German luxury maker Audi will soon offer a range of new high-tech driving technologies including four-wheel steering and possibly a new electric iteration of its quattro all-wheel drive system.
The Audi Prologue coupe concept debuted technology such as four-wheel steering – which is also seen on Volkswagen Group products such as the Porsche 911 GT3 – and Audi’s chief technical officer professor Ulrich Hackenberg told CarAdvice at the 2014 Los Angeles auto show that technology will be a mainstream addition to the brand’s line-up in years to come.
“Four-wheel steering will be quite a normal technical feature for premium future cars. It will be offered in most of the cars in the future,” Hackenberg said.
“If you have the steering system, then you have two situations – one is to increase the stability, you need very small angles; and one is to increase parkability, so you need bigger angles then you have around four to five degrees for parking situations. But for stability, it’s only a very small angle,” he said.
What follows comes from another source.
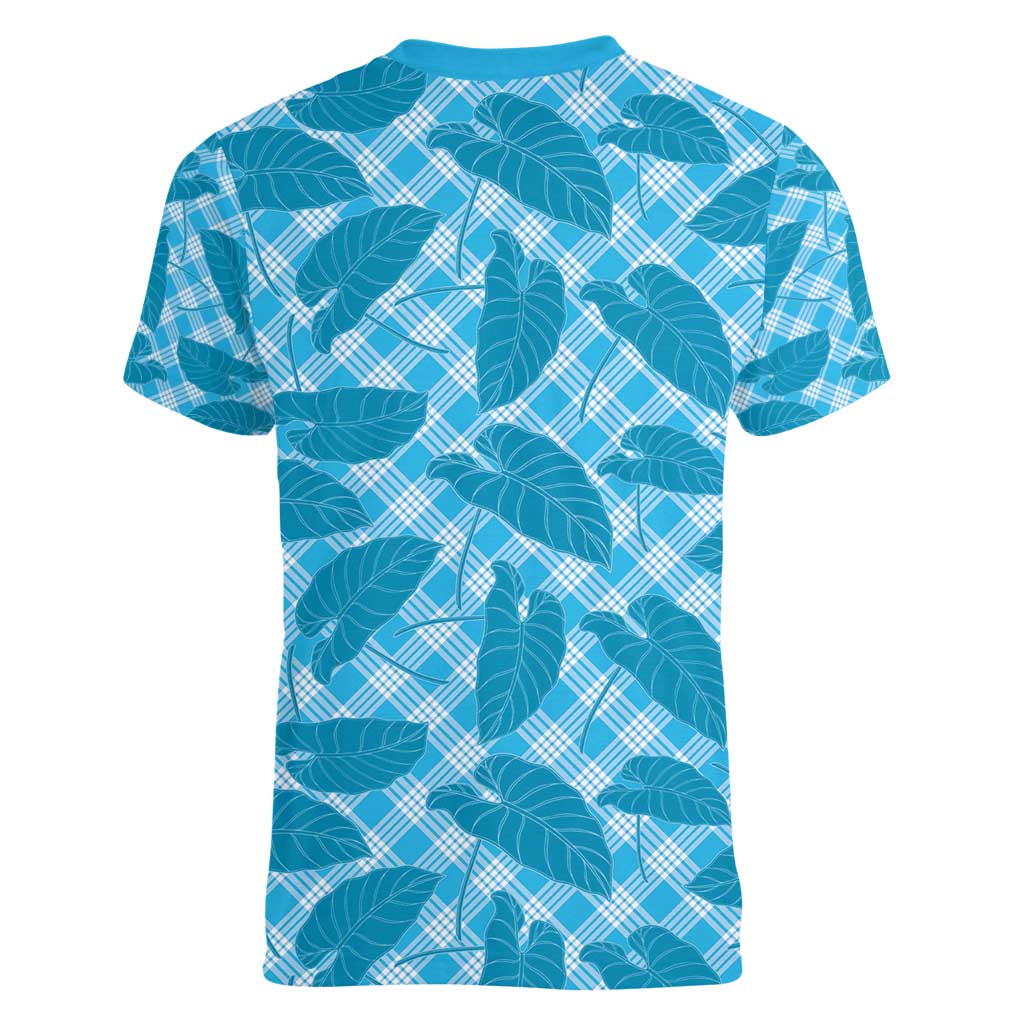 Blue Hawaii Kalo Palaka Motifs Women V-Neck T-Shirt Hawaiian Taro Leaves Elegant Vibes - Polynesian Pride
Hackenberg also explained that all-wheel drive systems can yield further CO2 reductions, and one such example is a new version of quattro with axle decoupling and a level of hybridisation.
“We are working very intensively to bring the four-wheel drive in to our program of CO2 emission reductions,” Hackenberg said.
“So in the future we will have a four-wheel drive range which are controllable, which we, for example, can use by situation, by demand, on the mechanical side but also on the electrical side.
“We will have disconnection, we will have specific connection based by the situation, so that means we will use the four-wheel tension whenever it makes sense. And if it doesn’t make sense, then we will go CO2-oriented,” he said.
“Based on electromechanical system, where we are also to have an inference on the single wheel; but also an electronic or electric systems where we have a specific electric motor in the rear or in the front in addition to the combustion engine,” he divulged, hinting at new future production models with electric quattro all-wheel-drive systems.
Using more electric components rather than heavy hardware also allows weight reduction, something Hackenberg describes as a “core competency” for the Volkswagen Group in its aim to cut emissions over the coming years.
“We are quite far to optimise that, and to go beyond the next target,” he said, before confirming that the systems can become “even lighter”.